[Data excerpts]
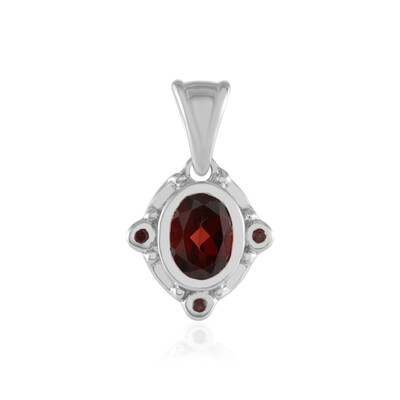 Mozambique Garnet Silver Pendant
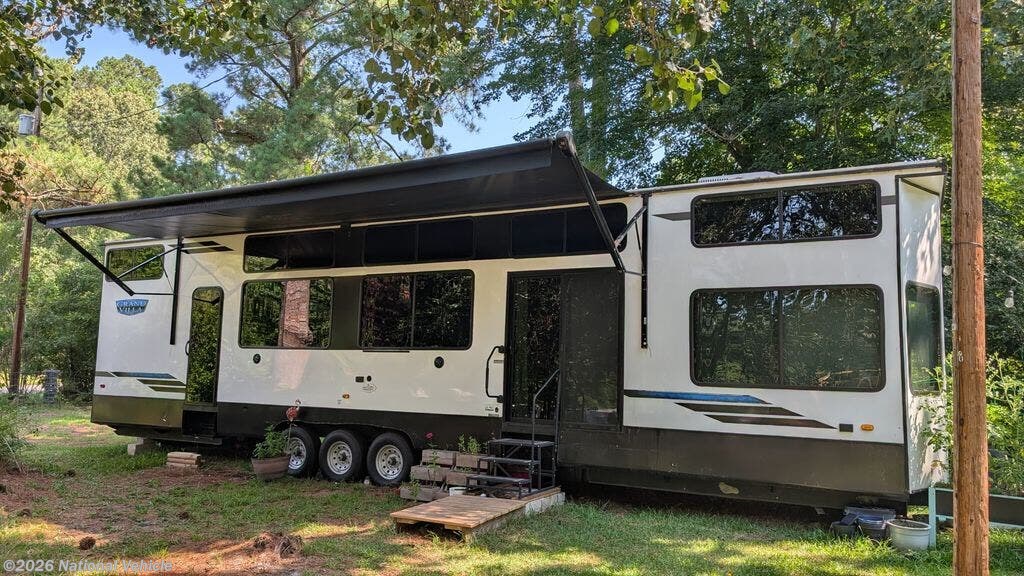 2024 Salem Grand Villa 44VIEW by Forest River from National Vehicle in Clayton, North Carolina
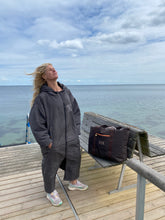 Indlæs billede til gallerivisning SITTINGSUITS - POWER FRAKKE GRÅ - ONE SIZE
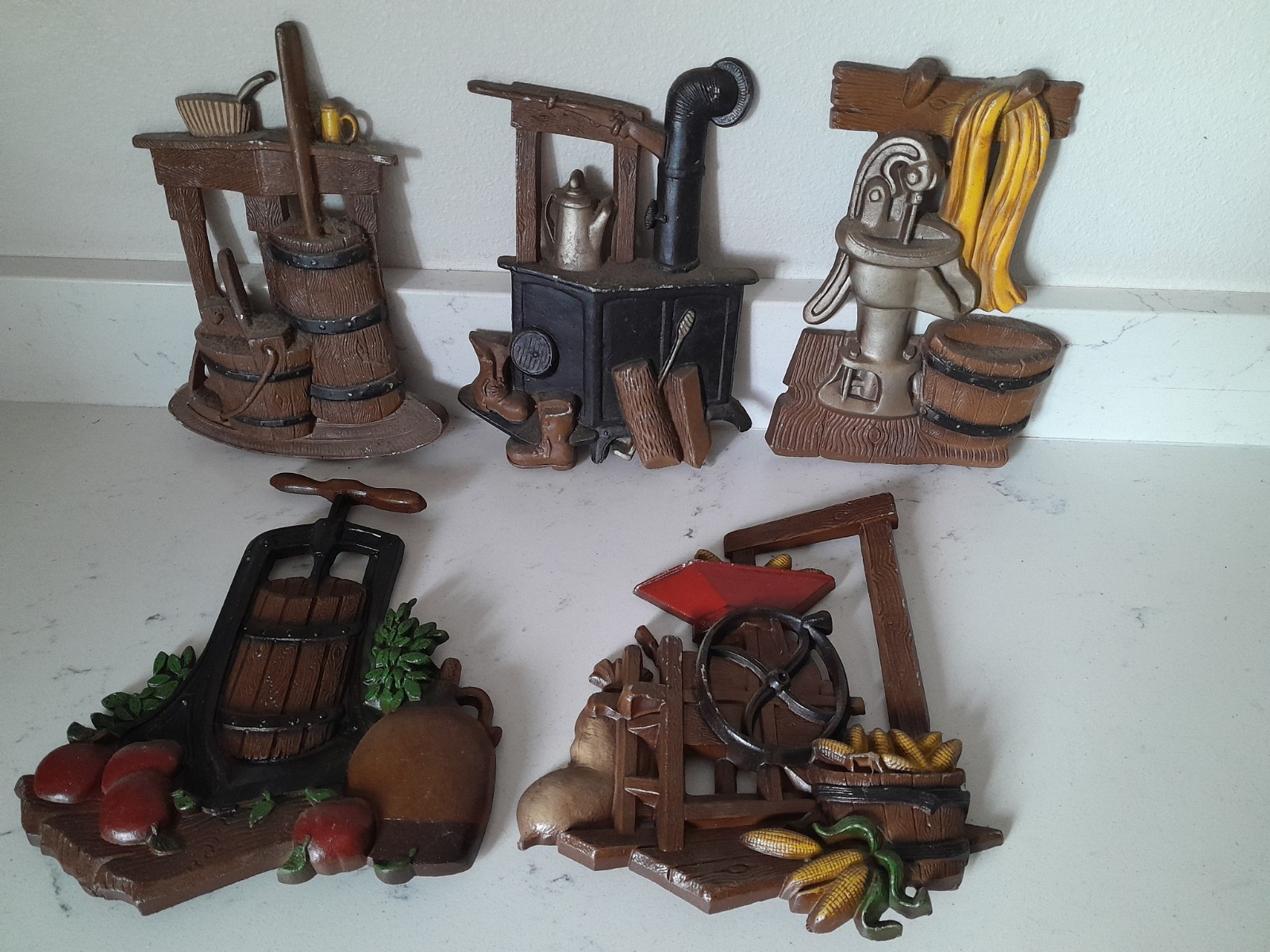 Vintage 1976 Sexton Homco 5-Piece Metal Farmhouse Wall Art Set
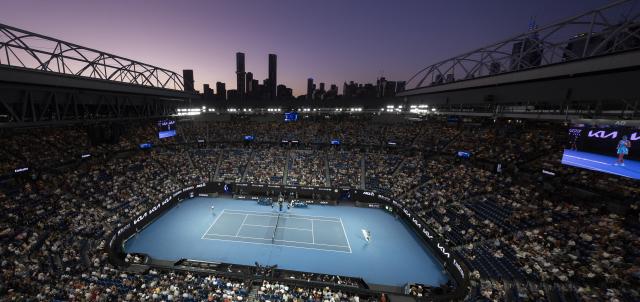 (260120) -- MELBOURNE, Jan. 20, 2026 (Xinhua) -- Osaka Naomi (R) of Japan and Antonia Ruzic of Croatia are seen during their women's singles 1st round match at the Australian Open tennis tournament in Melbourne, Australia, Jan. 20, 2026. (Photo by Hu Jingchen/Xinhua)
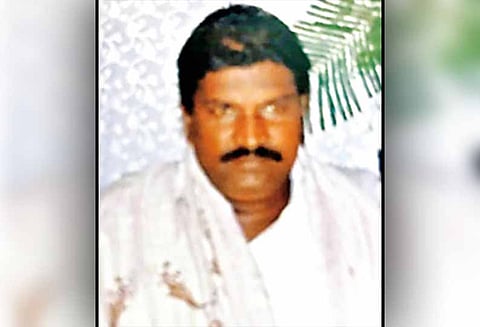 போக்குவரத்துக்கழக ஊழியர் கூட்டுறவு சங்கத்தில் ரூ.53½ லட்சம் கையாடல் செய்ததாக தலைவர் கைது - விழுப்புரத்தில் பரபரப்பு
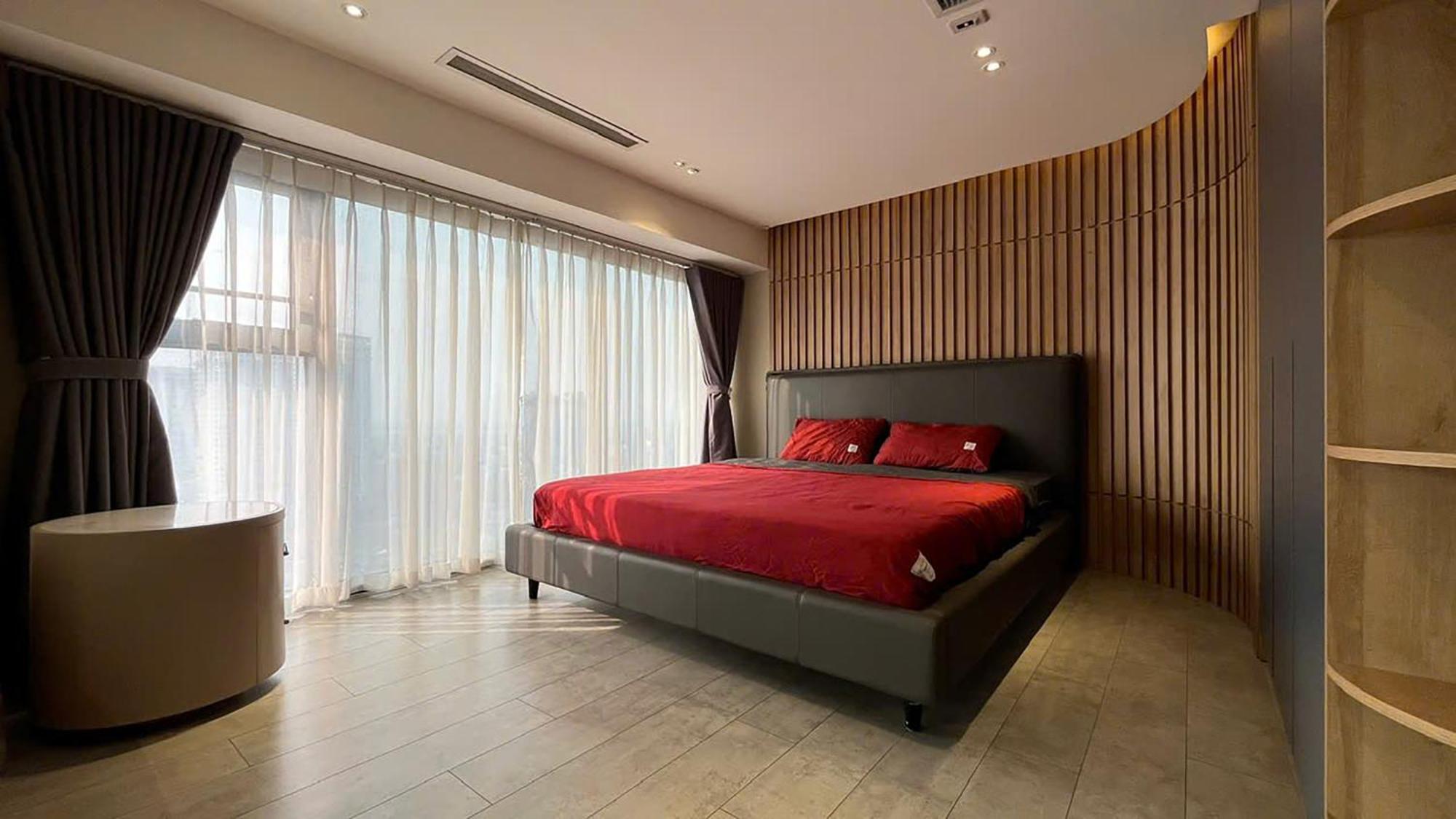 Pentstudio West - Duplex Near West & Lotte Mall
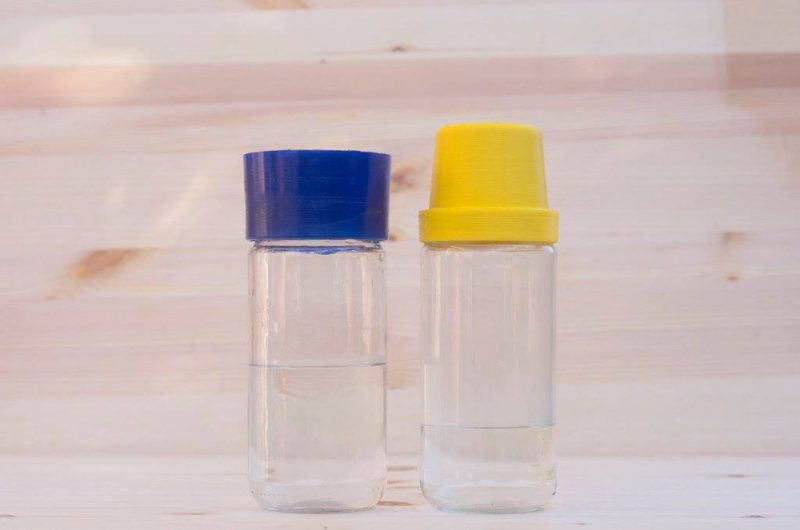 mini bottles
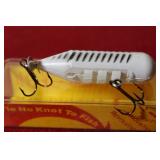 White Black Striped   QUICK HITCH Top Water NO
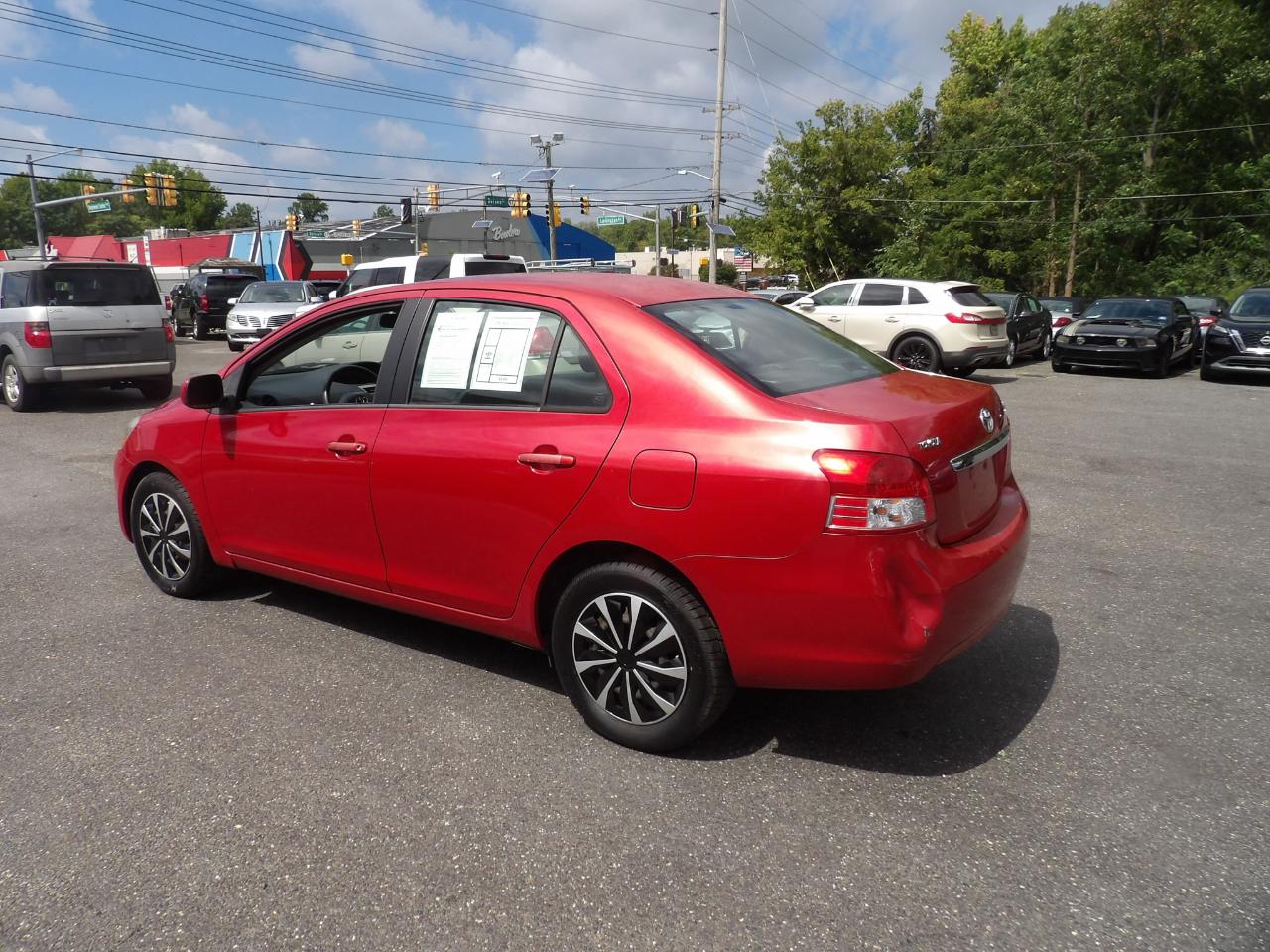 Toyota Yaris 4dr Sdn Man (Natl) 2010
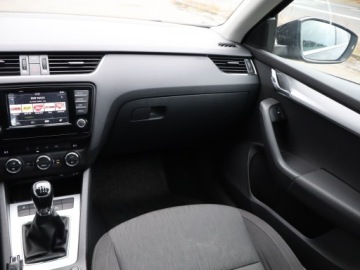 Skoda Octavia III Kombi 1.4 TSI  150KM 2015 Skoda Octavia 1.4 TSI, Salon Polska, Serwis ASO, zdjęcie 7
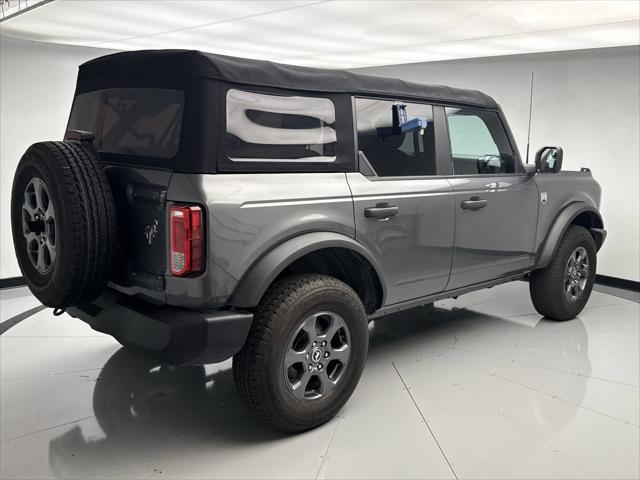 Photo of 2022 CARBONIZED GRAY METALLIC Ford Bronco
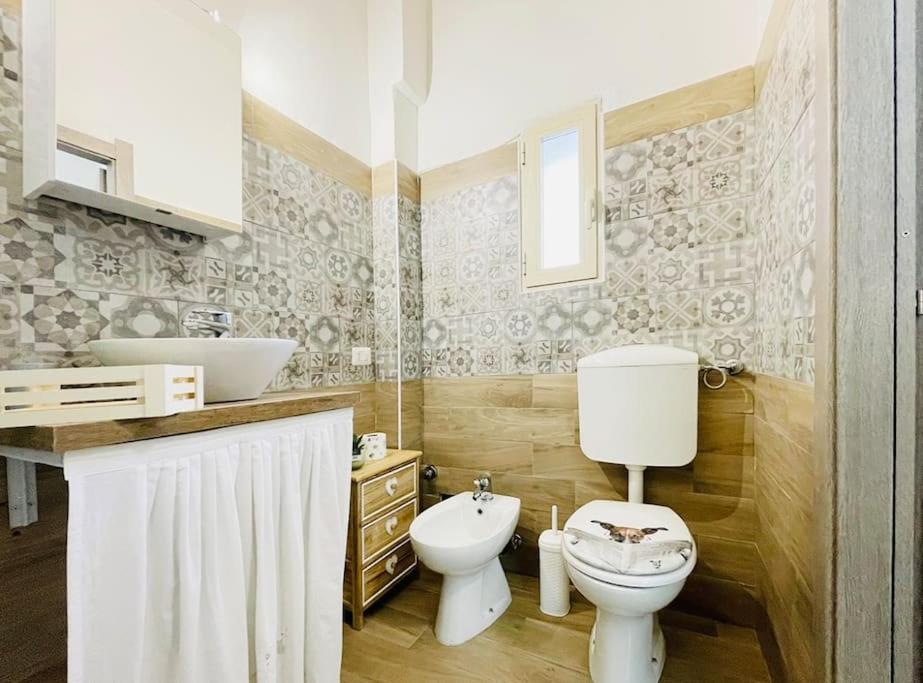 Porta Palazzo 15 Min - Suite Con Netflix & Wi-Fi ตูริน ภายนอก รูปภาพ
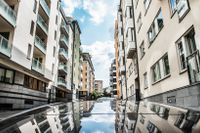 Stockholm stad säljer fastigheter för att sedan hyra in sig i dem – en modell som kan stå skattebetalarna dyrt, varnar experter.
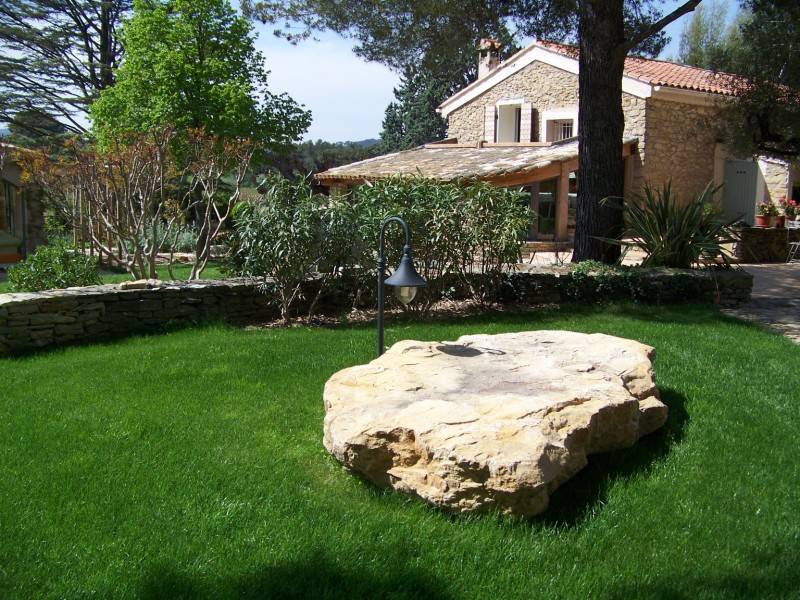gazon naturel avec une pierres de décoration à la cadieres d' azur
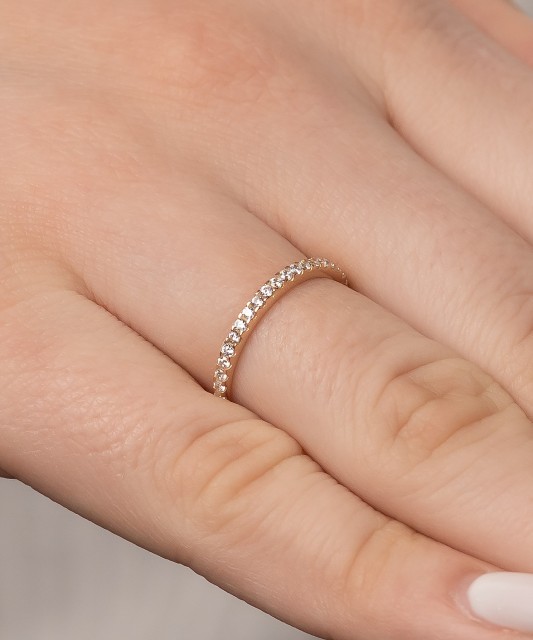 Gold ring with zircons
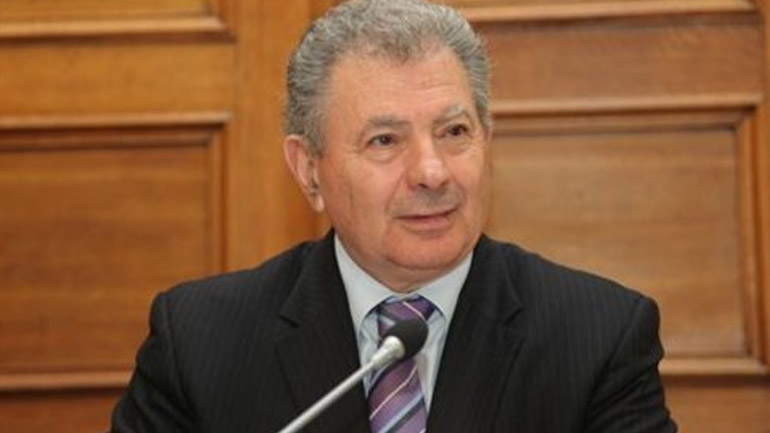 Επιστολή-παρέμβαση του Σήφη Βαλυράκη για το σκάνδαλο της Siemens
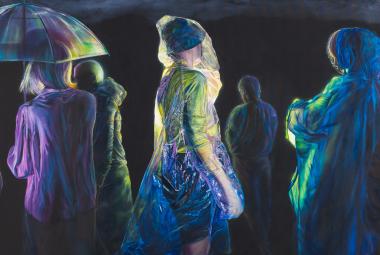 Kuvassa on ihmisiä kertakäyttösadetakit päällään ja näkyy hieman valoa pimeässä. Vasemmalla olevalla naisella on sateenvarjo ja hän on selin. 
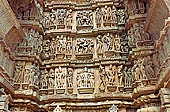 Khajuraho - Visvanatha temple, the beautiful carvings 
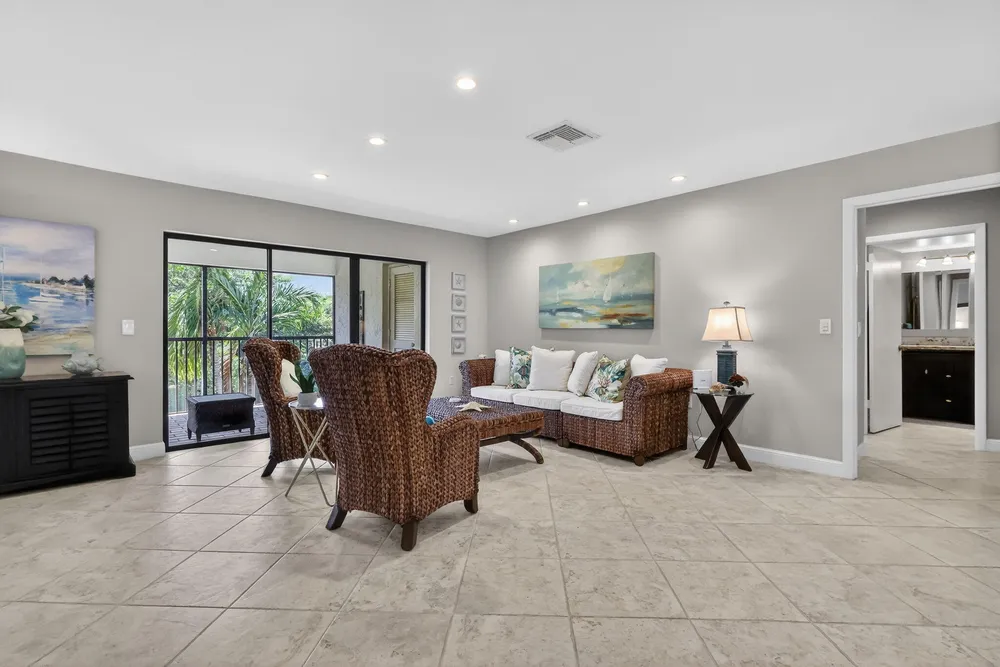 41 Stratford Ln W, Boynton Beach, FL 33436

§ **ACTION ITEM**:
Would you please reproduce the entries above, starting at the line with "Vintage 1976 Sexton" and stopping after the line with "Toyota Yaris 4dr Sdn Man (Natl) 2010"? Omit any pictures.

§ **SOLUTION FOR THIS EXERCISE**:
 Vintage 1976 Sexton Homco 5-Piece Metal Farmhouse Wall Art Set
 (260120) -- MELBOURNE, Jan. 20, 2026 (Xinhua) -- Osaka Naomi (R) of Japan and Antonia Ruzic of Croatia are seen during their women's singles 1st round match at the Australian Open tennis tournament in Melbourne, Australia, Jan. 20, 2026. (Photo by Hu Jingchen/Xinhua)
 போக்குவரத்துக்கழக ஊழியர் கூட்டுறவு சங்கத்தில் ரூ.53½ லட்சம் கையாடல் செய்ததாக தலைவர் கைது - விழுப்புரத்தில் பரபரப்பு
 Pentstudio West - Duplex Near West & Lotte Mall
 mini bottles
 White Black Striped   QUICK HITCH Top Water NO
 Toyota Yaris 4dr Sdn Man (Natl) 2010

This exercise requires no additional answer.